97.06 Surgical Safety Checklist Adherence Improves Outcomes in Pediatric Patients

M. A. Bartz-Kurycki1,2, K. T. Anderson1,2, D. M. Ferguson1,2, M. E. Curbo1,2, J. Bach1,2, A. A. Childs1,2, T. D. Parker1,2, A. L. Kawaguchi1,2, M. T. Austin1,2, L. S. Kao1, M. E. Matuszczak2,3, R. R. Jain2,3, K. P. Lally1,2, K. Tsao1,2  1McGovern Medical School at UTHealth,Department Of Pediatric Surgery,Houston, TX, USA 2Children’s Memorial Hermann Hospital,Department Of Pediatric Surgery,Houston, TX, USA 3McGovern Medical School at UTHealth,Department Of Anesthesiology,Houston, TX, USA

Introduction: The surgical safety checklist (SSC) is a 3-phase tool created to reduce morbidity and mortality. Adult studies have demonstrated improved outcomes associated with SSC utilization.

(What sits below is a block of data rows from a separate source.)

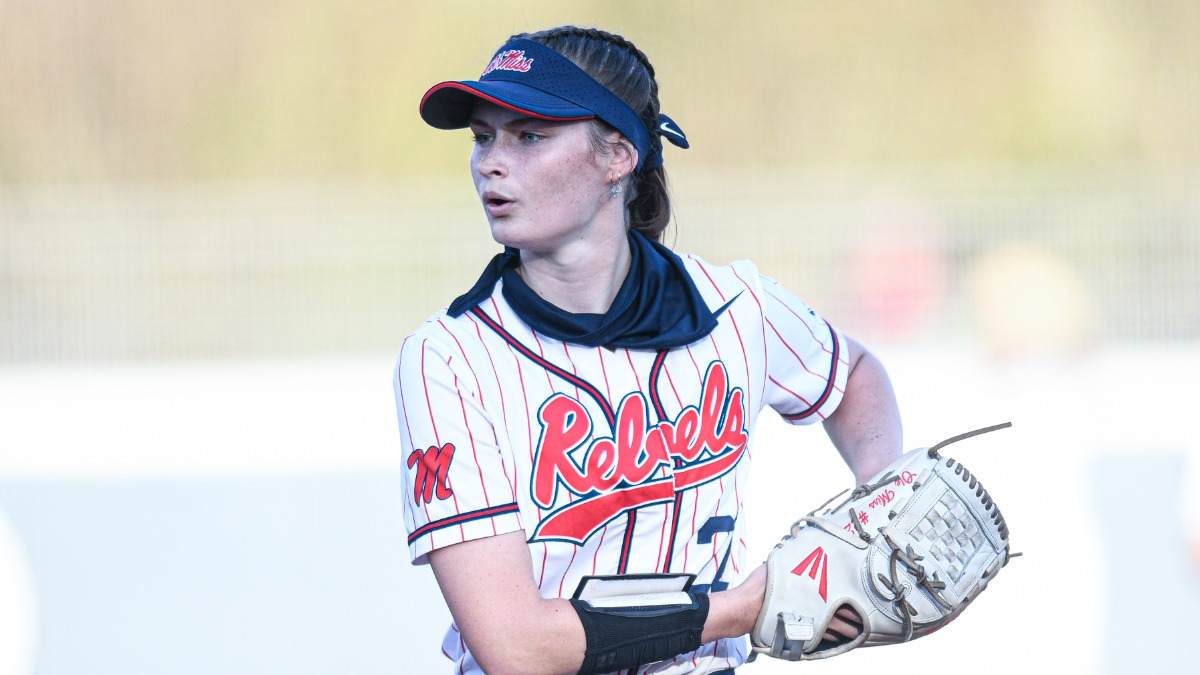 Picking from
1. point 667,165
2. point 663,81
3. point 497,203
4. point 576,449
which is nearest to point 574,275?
point 497,203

However, the pediatric surgical population has very low morbidity and mortality, therefore the association between SCC adherence and outcomes has been difficult to establish. The purpose of this study was to evaluate whether SSC adherence was associated with improved 30-day post-operative outcomes in pediatric patients. 

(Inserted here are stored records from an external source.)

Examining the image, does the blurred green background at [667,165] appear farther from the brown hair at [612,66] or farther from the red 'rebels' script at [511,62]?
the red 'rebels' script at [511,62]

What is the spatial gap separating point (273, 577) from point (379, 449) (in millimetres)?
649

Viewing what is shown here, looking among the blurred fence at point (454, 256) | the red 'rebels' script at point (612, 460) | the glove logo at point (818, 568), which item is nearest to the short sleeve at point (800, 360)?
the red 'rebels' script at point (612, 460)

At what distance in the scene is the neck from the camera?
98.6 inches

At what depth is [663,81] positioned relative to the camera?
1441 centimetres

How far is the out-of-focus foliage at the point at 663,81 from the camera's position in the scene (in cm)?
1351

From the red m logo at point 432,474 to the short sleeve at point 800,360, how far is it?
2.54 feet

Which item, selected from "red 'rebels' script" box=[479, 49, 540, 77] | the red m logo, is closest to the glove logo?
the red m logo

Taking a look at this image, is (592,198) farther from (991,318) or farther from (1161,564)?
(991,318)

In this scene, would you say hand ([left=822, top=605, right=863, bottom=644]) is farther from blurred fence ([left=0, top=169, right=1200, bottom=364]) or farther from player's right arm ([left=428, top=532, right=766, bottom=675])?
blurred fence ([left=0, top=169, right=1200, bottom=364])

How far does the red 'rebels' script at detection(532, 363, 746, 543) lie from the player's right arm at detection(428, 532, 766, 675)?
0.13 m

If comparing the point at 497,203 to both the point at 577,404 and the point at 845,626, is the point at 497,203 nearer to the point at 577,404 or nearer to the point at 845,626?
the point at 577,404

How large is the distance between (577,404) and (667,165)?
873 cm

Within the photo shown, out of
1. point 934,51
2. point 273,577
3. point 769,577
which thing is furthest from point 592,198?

Methods: An observational study of non-emergent pediatric surgical cases performed in a children’s hospital was conducted by trained observers (2017-2018). Degree of adherence (verbalization and confirmation by 2 or more parties) was defined as the proportion of checklist items completed. Pre-induction, pre-incision and debriefing phases were observed. Total adherence score was the proportion of items completed from all 3 phases combined. Thirty-day outcomes were determined by retrospective chart review and included surgical site infection, wound dehiscence, readmission, emergency department (ED) visits, unplanned reoperations, pneumonia, and urinary tract infection. The primary outcome was a composite of any complication. Logistic regression was used for analysis. 

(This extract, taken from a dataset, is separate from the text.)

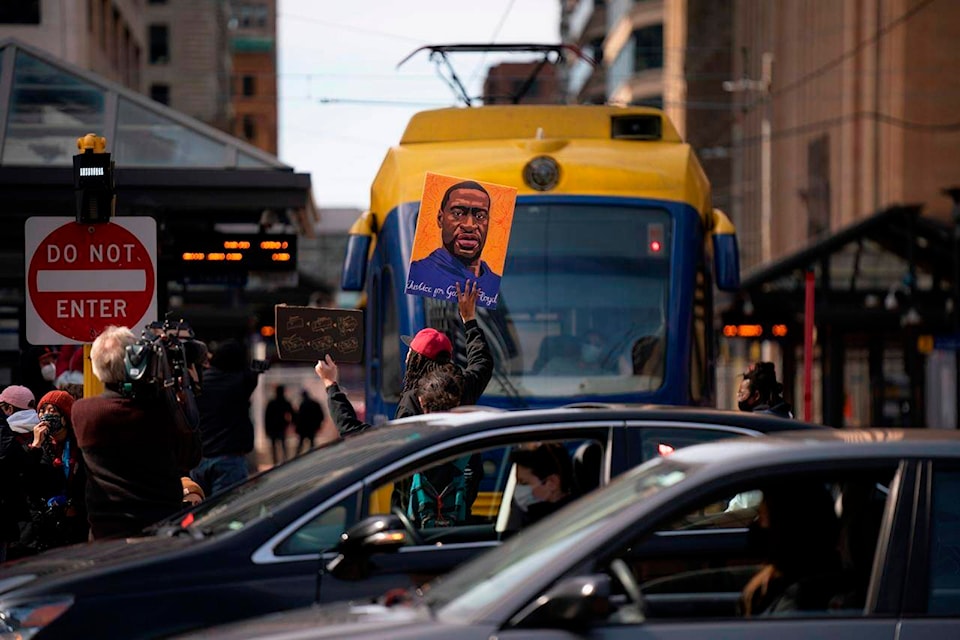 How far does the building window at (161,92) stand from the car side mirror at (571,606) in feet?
240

Results: 510 cases were observed for SSC adherence. Patients had a median age of 4.1 years (IQR 1.1-9.8 years). Most observed cases were performed by Pediatric General Surgery (26.9%), Otorhinolaryngology (24.9%), and Urology (21.6%). The median operative time was 33.9 minutes (IQR 19.7-68.8 minutes). Median total adherence score was 86.2 (IQR 66.7-96.0). SSC adherence differed by phase. Pre-incision phase adherence was greatest at 100% (IQR 96-100), followed by debriefing (90.9%, IQR 72.7- 100), then pre-induction (84.6%, IQR 53.8-100). Complications occurred in 57 patients (11.2%); ED visits were most common (64.9%), followed by readmission (38.6%), and SSI (19.3%). Operative time and age were not associated with presence of a post-operative complication. However, surgical specialty, greater pre-induction adherence, and greater total adherence were associated with reduced likelihood of any complication on univariate regression. After adjusting for age, case length, specialty and total adherence to the SSC, only greater total adherence and greater pre-induction adherence remained associated with decreased post-operative complications (Table).

Conclusions: This is the first study to demonstrate that increased SCC adherence is associated with improved patient outcomes in pediatric surgery. The data suggest that improving pre-induction checklist adherence may help prevent patient harm.